To learn more about Local AI topics, check out related posts in the Local AI Series 

Subscribe to JorgeTechBits newsletter


To learn more about Local AI topics, check out related posts in the Local AI Series 

For months, I’ve been refining my local AI lab. I had the hardware dialed in—my AMD Ryzen AI processor, 128GB of RAM, running Ollama and Open WebUI like a dream. But I kept hitting the “invisible wall.”
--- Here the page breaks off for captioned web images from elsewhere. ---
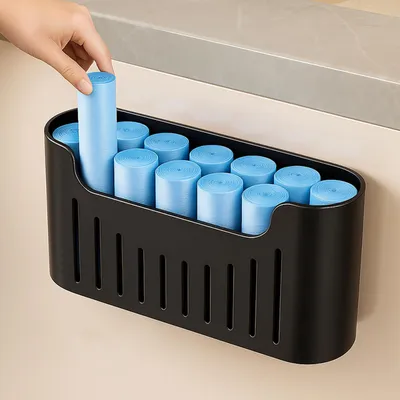 Image de Boîte de rangement pour placards de cuisine, boîte de rangement murale autocollante, organiseur pour petits objets dans l'armoire, la salle de bains ou le réfrigérateur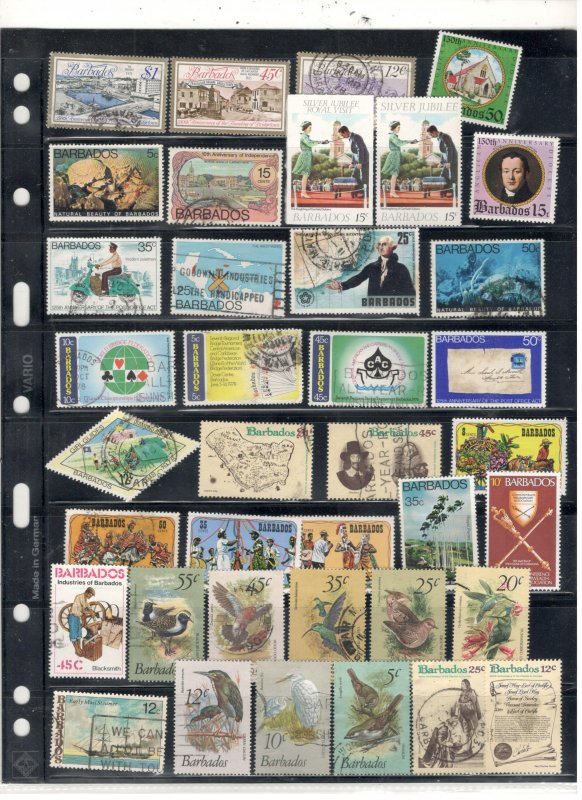 BARBADOS COLLECTION ON STOCK SHEET MINT/USED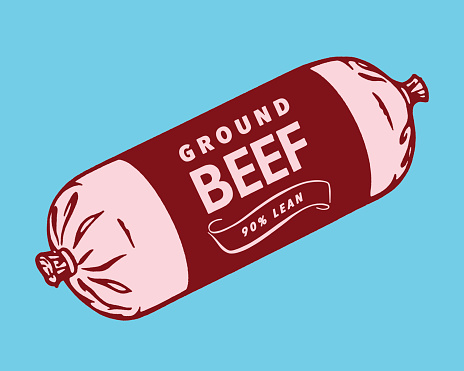View of ground beef sausage shape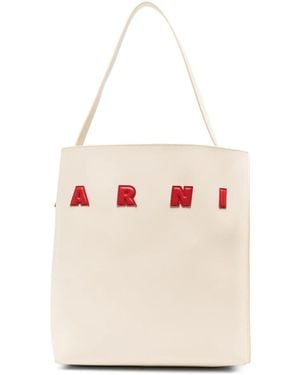 Marni Museo Leren Shopper - Wit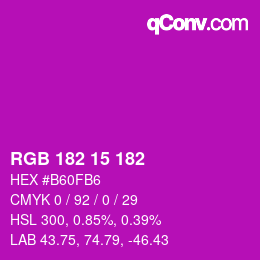 Color code: RGB 182 15 182 | qconv.com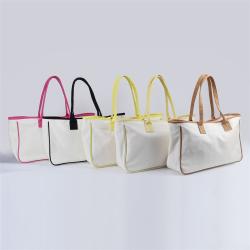 Keymay Custom Logo Durable Multi-color Large Capacity Shipping Bag Ladies Shoulder Bag Summer Canvas Beach Tote Bag Travel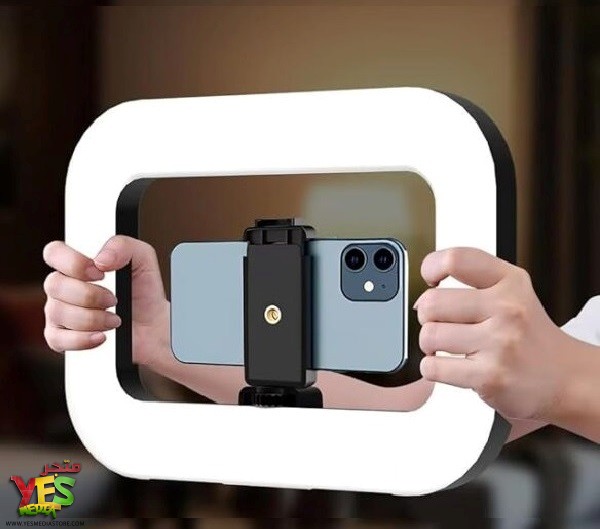 حامل جوال مع اضاءة لتصوير الفيديو (أبيض- اصفر ) E10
Every time I asked my local agents for the morning’s technical headlines or a deep dive into a new hardware release, I got the same polite apology: “As an AI model, my training data ends in…” My “production-grade” lab was essentially a high-powered library that stopped receiving new books two years ago. Whether I was interacting through Open WebUI, experimenting with the autonomous power of Agent Zero, or deploying workflows via OpenClaw, the result was the same: my AI was smart, but it was blind to the “now.”

I knew I needed to give my agents a way to search the web, but I wasn’t willing to compromise on the privacy and data ownership I had worked so hard to establish.

Not all searches are equal: please see my other blog post: The Two Worlds of Search: Web Results vs. Vector Databases

The Search for the “Perfect” Eye

I started looking at my options, but each one felt like a trade-off.

First, there were the Traditional APIs like Google and Bing. They work, but they’re designed for people clicking links, not for AI agents trying to extract data. I didn’t want to spend my weekend writing complex parsers to strip away ads and navigation menus just so my agent could find a single fact.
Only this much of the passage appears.